━━━ Exercise material ━━━

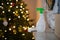 A bottle of detergent and rag on the background of New Year`s lights.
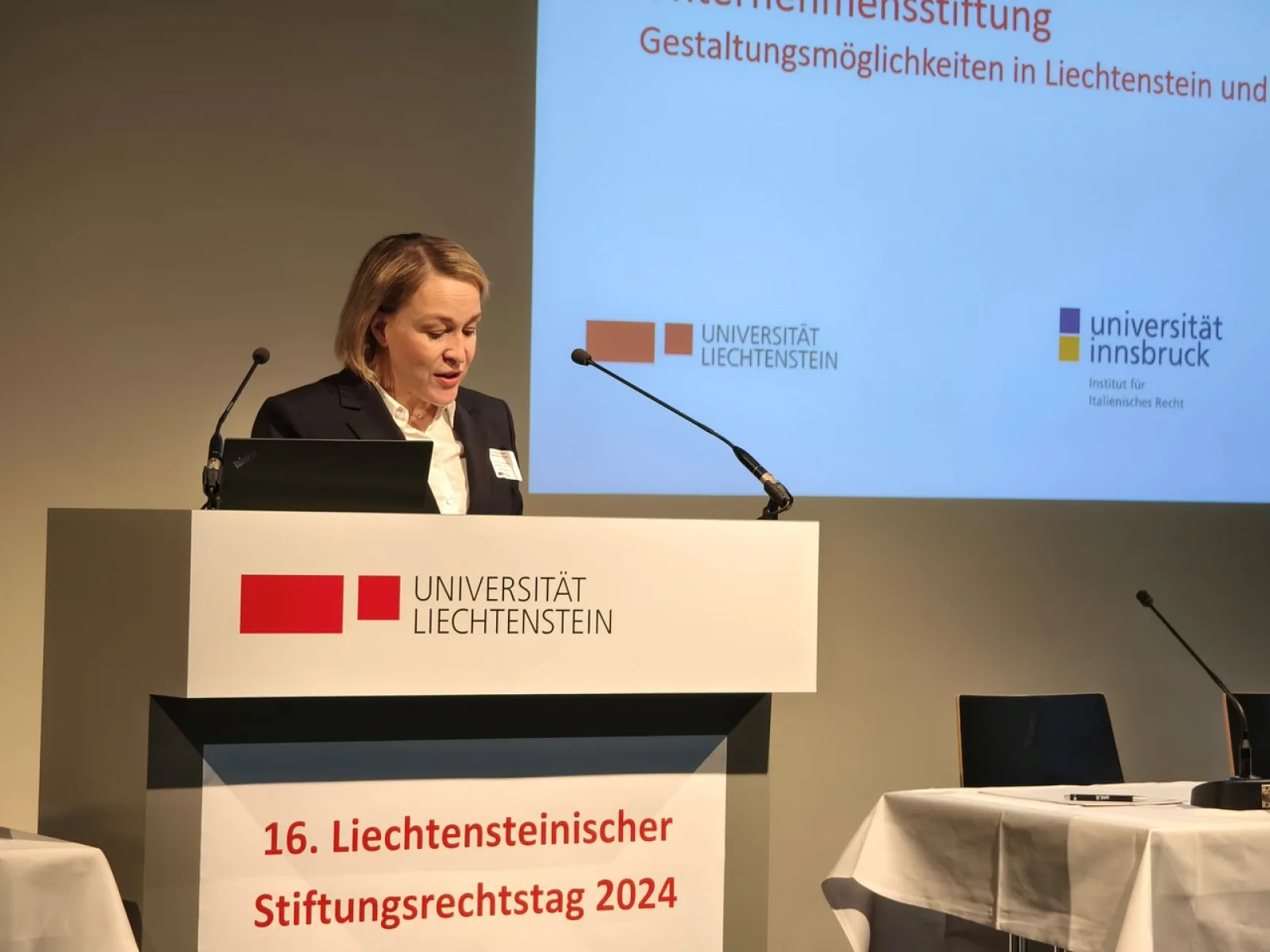 Eine Rednerin steht am Podium während des 16. Liechtensteinischen Stiftungsrechtstags 2024 an der Universität Liechtenstein. Im Hintergrund ist eine Präsentationsfolie mit Logos der Universität Liechtenstein und der Universität Innsbruck zu sehen.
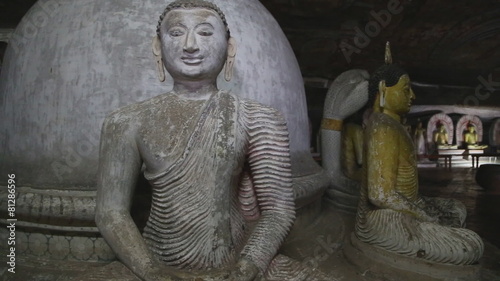 DAMBULLA, SRI LANKA - FEBRUARY 2014: Sitting Buddhas at the Golden Temple of Dambulla. The Golden Temple of Dambulla is a World Heritage Site in Sri Lanka.
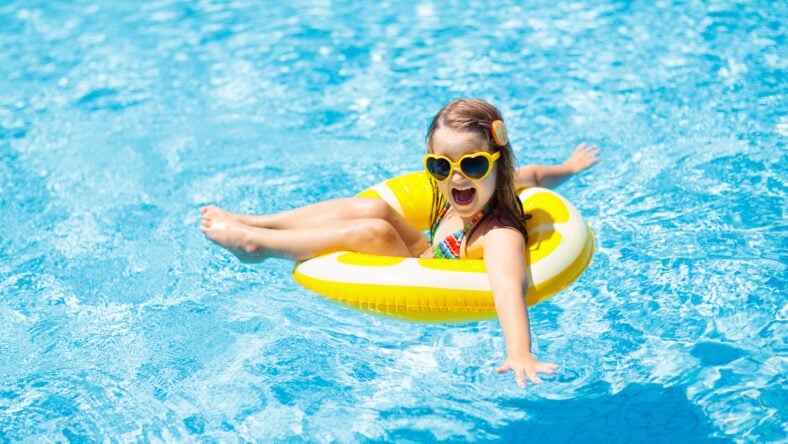 Child in swimming pool on inflatable yellow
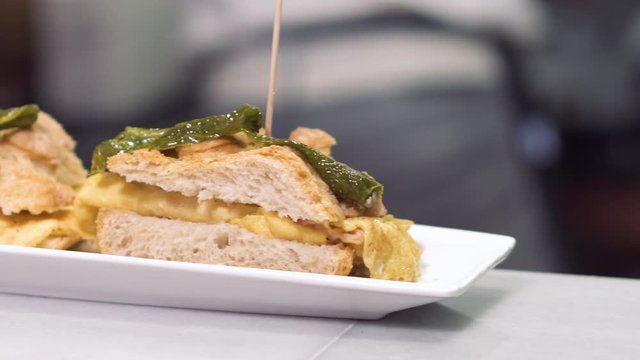 Chef preparing delicious typical Spanish food, Omelette tapa or Pintxo of omelette .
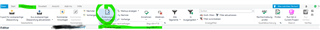 Trados Studio screenshot showing the ribbon with various icons and a green checkmark indicating successful action, with some text blurred out.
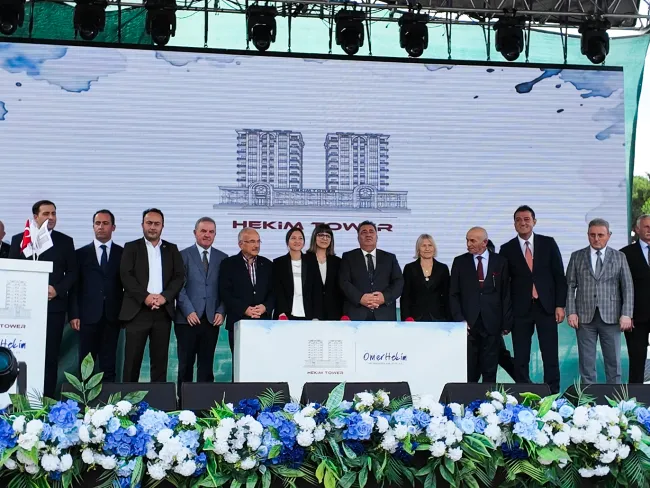Temel atma töreninde protokol; arkalarındaki dev ekranda Hekim Tower'ın mimari çizimi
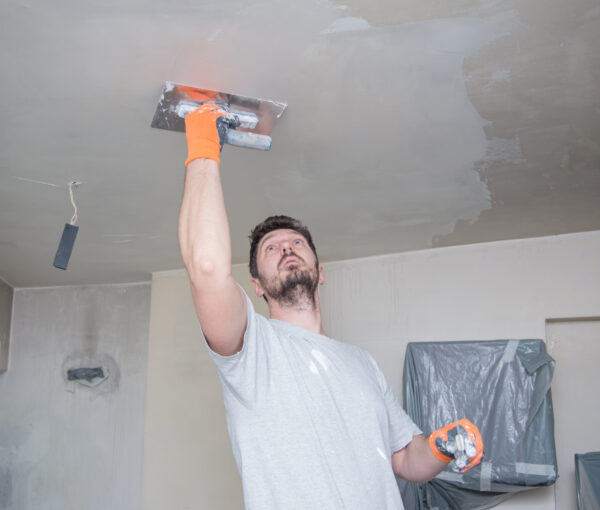 A worker with protective gloves is plastering the ceiling.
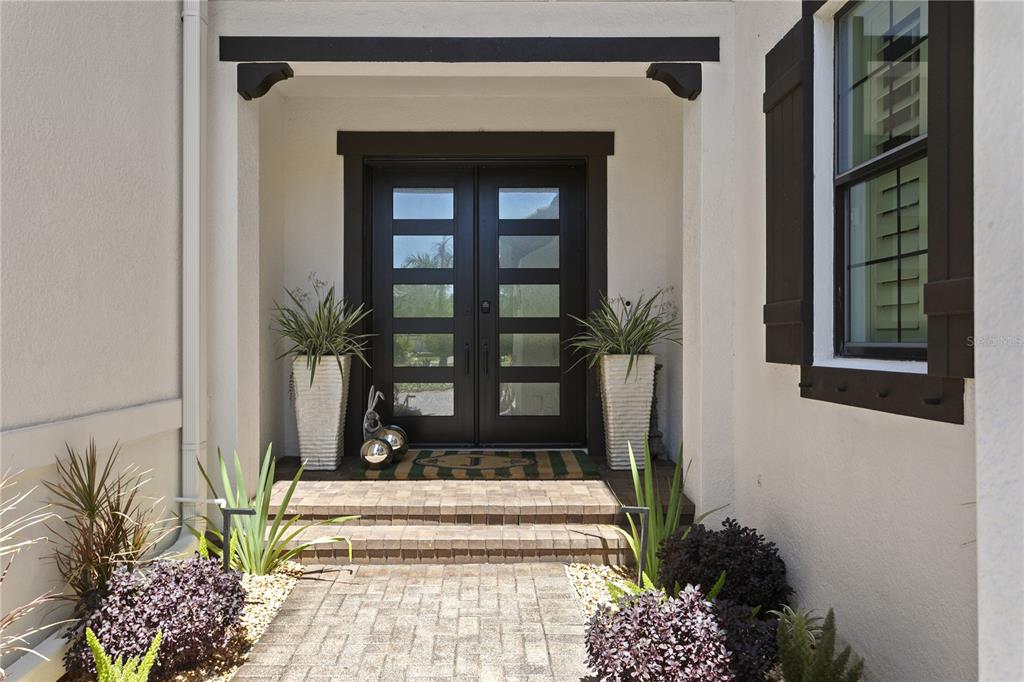 A front entryway features a double door with glass panels, stone steps, and potted plants — 7865 MARSH POINTE DRIVE, TAMPA, FL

━━━

Your objective: Repeat the material above verbatim. Leave the pictures behind.

Solved problem:
 A bottle of detergent and rag on the background of New Year`s lights.
 Eine Rednerin steht am Podium während des 16. Liechtensteinischen Stiftungsrechtstags 2024 an der Universität Liechtenstein. Im Hintergrund ist eine Präsentationsfolie mit Logos der Universität Liechtenstein und der Universität Innsbruck zu sehen.
 DAMBULLA, SRI LANKA - FEBRUARY 2014: Sitting Buddhas at the Golden Temple of Dambulla. The Golden Temple of Dambulla is a World Heritage Site in Sri Lanka.
 Child in swimming pool on inflatable yellow
 Chef preparing delicious typical Spanish food, Omelette tapa or Pintxo of omelette .
 Trados Studio screenshot showing the ribbon with various icons and a green checkmark indicating successful action, with some text blurred out.
Temel atma töreninde protokol; arkalarındaki dev ekranda Hekim Tower'ın mimari çizimi
 A worker with protective gloves is plastering the ceiling.
 A front entryway features a double door with glass panels, stone steps, and potted plants — 7865 MARSH POINTE DRIVE, TAMPA, FL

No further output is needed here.